I did not know this was an erotica when I ordered it, so I was somewhat surprised to find that the book was almost entirely sex, and it was quite a short book. Kendra and Devlin were fairly well developed considering the length of the novel and I enjoyed reading about both of them and thought they made a very good couple. I would have liked to have had them spend more time (a lot more time) together outside of bed though to really get a feel for how their relationship worked. The sex was HOT, really hot, quite imaginative and rather beyond its' time what with some very modern language and morals. The virginal heroine is far from innocent as she had attended orgies and talked freely about some very risque things. There were quite a few plot holes that almost did the story in for me though as I could not figure out how she did not know that Derrick Thorton was her fiance's brother! Devlin also had major trust issues with women that were semi-explored, and I thought that the resolution was not really an adequate way of explaining how he got over those trust issues- in fact they probably should have made him less trustworthy.

Rating: This book was good for what it was: hot sex in a short little book with a couple of interesting characters, but I would not expect more than that.

Friday, April 15, 2011

The Heir

The Heir by Grace Burrowes 414

Gayle, the Earl of Westhaven, is fed up with his father, the Duke's, meddling in his life and to escape the endless marital machinations, he retreats to his estate just outside London. There he meets his new housekeeper, Mrs. Anna Seaton, who is unlike any housekeeper he has ever had before. She is obviously educated, she risks her position to save a housemaid from when she mistakenly believes he is trying to seduce her, and she is forthright and good company. She has also wrought several changes in his household and made it quite the comfortable place to live and it is not long before she is keeping him company and engaging in lively conversations with him. The more they talk the more he realizes that she is  keeping secrets from him, secrets that he wants to help her work through. Anna is indeed hiding secrets from Westhaven, but she has promised that she would not tell anyone. When Westhaven's brother's come to stay at his estate they quickly discover that their brother's relationship with his housekeeper is not at all what one would expect from a master and servant.

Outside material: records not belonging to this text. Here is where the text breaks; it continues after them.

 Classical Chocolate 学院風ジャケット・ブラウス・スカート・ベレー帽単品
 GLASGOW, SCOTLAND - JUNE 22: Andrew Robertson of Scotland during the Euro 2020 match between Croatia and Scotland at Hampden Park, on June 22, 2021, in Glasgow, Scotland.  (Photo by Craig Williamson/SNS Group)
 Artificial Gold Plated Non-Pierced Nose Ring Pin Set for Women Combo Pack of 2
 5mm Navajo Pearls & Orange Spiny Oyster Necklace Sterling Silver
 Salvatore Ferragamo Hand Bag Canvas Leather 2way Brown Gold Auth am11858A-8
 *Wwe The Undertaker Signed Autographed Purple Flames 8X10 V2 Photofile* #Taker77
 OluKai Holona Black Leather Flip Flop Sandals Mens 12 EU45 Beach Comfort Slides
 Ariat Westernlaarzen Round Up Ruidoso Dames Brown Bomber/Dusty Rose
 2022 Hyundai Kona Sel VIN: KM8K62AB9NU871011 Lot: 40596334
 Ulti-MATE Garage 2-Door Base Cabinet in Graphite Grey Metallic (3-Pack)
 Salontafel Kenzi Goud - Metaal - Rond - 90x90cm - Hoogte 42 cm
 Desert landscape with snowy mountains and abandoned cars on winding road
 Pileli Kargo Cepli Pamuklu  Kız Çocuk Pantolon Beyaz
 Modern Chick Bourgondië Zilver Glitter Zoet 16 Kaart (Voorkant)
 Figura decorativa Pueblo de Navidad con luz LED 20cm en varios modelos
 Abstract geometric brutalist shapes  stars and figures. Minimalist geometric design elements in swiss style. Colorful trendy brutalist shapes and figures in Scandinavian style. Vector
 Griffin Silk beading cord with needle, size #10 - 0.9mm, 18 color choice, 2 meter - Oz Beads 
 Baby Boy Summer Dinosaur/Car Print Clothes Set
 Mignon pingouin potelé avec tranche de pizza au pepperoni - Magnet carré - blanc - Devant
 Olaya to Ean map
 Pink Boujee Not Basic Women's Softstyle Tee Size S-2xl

Westhaven wants to save Anna from herself, but she is worried about bringing another person into her confusing and dangerous situation. She believes that she should be capable of taking care of her problems herself and is wary of asking a lord for help for fear he will laugh at her return her to the people she is running from. Westhaven decides to try to get Anna to help him by enlisting her help in furnishing a home he has bought for his sister, and when they get stuck in a rain storm they end up becoming much closer. He does not want to take advantage of her and she is determined to protect her virtue, but neither can truly resist the other and both admit to themselves that their deeper feelings are involved. Now he knows he wants to marry Anna and he can't imagine spending the rest of his life with her, but he bungles his multiple proposals by listing all the rational reasons why they should marry. Anna does love him as well, but she does not want him to feel trapped into marry her and drag him into her very volatile situation. But his need to protect her is stronger than her desire to solve things for herself and his entire family gets involved and makes it clear that they want her to be part of the family. Westhaven and Anna must both overcome extreme amounts of stubbornness before they can end up together.

This book got some very good reviews for being original and different than many of the current romances out there, and I agree that it was different than the most popular romances in that it was rather boring. It was very slow moving, not much really happened, and I realized when writing the review that the majority of the exciting plot was at the very end and I did not want to indulge it much. The relationship between Anna and Westhaven progressed incredibly slowly, and while I didn't particularly like this, I admit that the job still got done. It was made very clear that this two were developing affection for each other in a muted and more tempered way than I am used to reading about. There were no particularly funny moments, no moments where they were having a lot of fun together, just a steady and rather quiet progression as they got to know each other and fell in love. It was not particularly to my taste. Anna was a frustrating character because I wanted to like her for taking her fate in her hands and looking after herself and her sister when times got tough, but there were times when I wanted to slap her. I am not a fan of the heroine who refuses to ask for help because she doesn't want to be weak or be a bother to anyone, and this was half the story.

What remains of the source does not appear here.